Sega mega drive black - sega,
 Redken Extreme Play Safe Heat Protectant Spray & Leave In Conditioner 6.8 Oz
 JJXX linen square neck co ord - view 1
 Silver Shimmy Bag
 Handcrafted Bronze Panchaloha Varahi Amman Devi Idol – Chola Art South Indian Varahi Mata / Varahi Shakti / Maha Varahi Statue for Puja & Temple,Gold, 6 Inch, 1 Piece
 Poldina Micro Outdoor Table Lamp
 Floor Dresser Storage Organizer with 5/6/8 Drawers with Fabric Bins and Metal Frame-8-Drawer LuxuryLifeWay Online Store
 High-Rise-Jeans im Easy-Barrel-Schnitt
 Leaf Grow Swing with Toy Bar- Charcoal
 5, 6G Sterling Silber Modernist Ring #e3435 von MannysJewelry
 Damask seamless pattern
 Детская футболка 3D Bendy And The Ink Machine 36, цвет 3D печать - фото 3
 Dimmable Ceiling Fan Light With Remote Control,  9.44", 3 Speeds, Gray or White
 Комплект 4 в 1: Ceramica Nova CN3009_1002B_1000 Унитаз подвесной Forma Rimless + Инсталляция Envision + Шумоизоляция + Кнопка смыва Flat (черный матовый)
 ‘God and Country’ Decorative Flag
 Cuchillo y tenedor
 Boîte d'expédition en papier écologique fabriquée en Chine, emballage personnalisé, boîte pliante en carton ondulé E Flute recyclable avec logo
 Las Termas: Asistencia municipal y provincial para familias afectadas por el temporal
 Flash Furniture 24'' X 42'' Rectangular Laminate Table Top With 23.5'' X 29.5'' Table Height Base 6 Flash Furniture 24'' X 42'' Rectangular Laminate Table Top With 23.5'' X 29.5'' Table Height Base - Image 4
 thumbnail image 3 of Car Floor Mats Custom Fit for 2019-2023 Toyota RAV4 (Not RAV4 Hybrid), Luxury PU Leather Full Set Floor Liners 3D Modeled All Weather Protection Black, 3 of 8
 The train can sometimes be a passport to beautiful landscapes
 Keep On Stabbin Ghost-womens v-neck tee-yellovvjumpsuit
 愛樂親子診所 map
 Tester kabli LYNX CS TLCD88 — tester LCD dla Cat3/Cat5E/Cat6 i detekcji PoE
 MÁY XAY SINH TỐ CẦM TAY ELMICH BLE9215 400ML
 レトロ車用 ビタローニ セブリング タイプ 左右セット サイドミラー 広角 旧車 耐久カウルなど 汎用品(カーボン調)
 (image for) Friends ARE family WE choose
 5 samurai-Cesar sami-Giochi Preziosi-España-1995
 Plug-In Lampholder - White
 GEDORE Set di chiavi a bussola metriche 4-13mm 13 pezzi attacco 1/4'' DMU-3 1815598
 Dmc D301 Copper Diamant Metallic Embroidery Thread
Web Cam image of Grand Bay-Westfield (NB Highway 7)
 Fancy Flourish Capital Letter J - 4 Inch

++++++

*Exercise description*: All that is needed is the material, repeated exactly.

*Finished task*:
Sega mega drive black - sega,
 Redken Extreme Play Safe Heat Protectant Spray & Leave In Conditioner 6.8 Oz
 JJXX linen square neck co ord - view 1
 Silver Shimmy Bag
 Handcrafted Bronze Panchaloha Varahi Amman Devi Idol – Chola Art South Indian Varahi Mata / Varahi Shakti / Maha Varahi Statue for Puja & Temple,Gold, 6 Inch, 1 Piece
 Poldina Micro Outdoor Table Lamp
 Floor Dresser Storage Organizer with 5/6/8 Drawers with Fabric Bins and Metal Frame-8-Drawer LuxuryLifeWay Online Store
 High-Rise-Jeans im Easy-Barrel-Schnitt
 Leaf Grow Swing with Toy Bar- Charcoal
 5, 6G Sterling Silber Modernist Ring #e3435 von MannysJewelry
 Damask seamless pattern
 Детская футболка 3D Bendy And The Ink Machine 36, цвет 3D печать - фото 3
 Dimmable Ceiling Fan Light With Remote Control,  9.44", 3 Speeds, Gray or White
 Комплект 4 в 1: Ceramica Nova CN3009_1002B_1000 Унитаз подвесной Forma Rimless + Инсталляция Envision + Шумоизоляция + Кнопка смыва Flat (черный матовый)
 ‘God and Country’ Decorative Flag
 Cuchillo y tenedor
 Boîte d'expédition en papier écologique fabriquée en Chine, emballage personnalisé, boîte pliante en carton ondulé E Flute recyclable avec logo
 Las Termas: Asistencia municipal y provincial para familias afectadas por el temporal
 Flash Furniture 24'' X 42'' Rectangular Laminate Table Top With 23.5'' X 29.5'' Table Height Base 6 Flash Furniture 24'' X 42'' Rectangular Laminate Table Top With 23.5'' X 29.5'' Table Height Base - Image 4
 thumbnail image 3 of Car Floor Mats Custom Fit for 2019-2023 Toyota RAV4 (Not RAV4 Hybrid), Luxury PU Leather Full Set Floor Liners 3D Modeled All Weather Protection Black, 3 of 8
 The train can sometimes be a passport to beautiful landscapes
 Keep On Stabbin Ghost-womens v-neck tee-yellovvjumpsuit
 愛樂親子診所 map
 Tester kabli LYNX CS TLCD88 — tester LCD dla Cat3/Cat5E/Cat6 i detekcji PoE
 MÁY XAY SINH TỐ CẦM TAY ELMICH BLE9215 400ML
 レトロ車用 ビタローニ セブリング タイプ 左右セット サイドミラー 広角 旧車 耐久カウルなど 汎用品(カーボン調)
 (image for) Friends ARE family WE choose
 5 samurai-Cesar sami-Giochi Preziosi-España-1995
 Plug-In Lampholder - White
 GEDORE Set di chiavi a bussola metriche 4-13mm 13 pezzi attacco 1/4'' DMU-3 1815598
 Dmc D301 Copper Diamant Metallic Embroidery Thread
Web Cam image of Grand Bay-Westfield (NB Highway 7)
 Fancy Flourish Capital Letter J - 4 Inch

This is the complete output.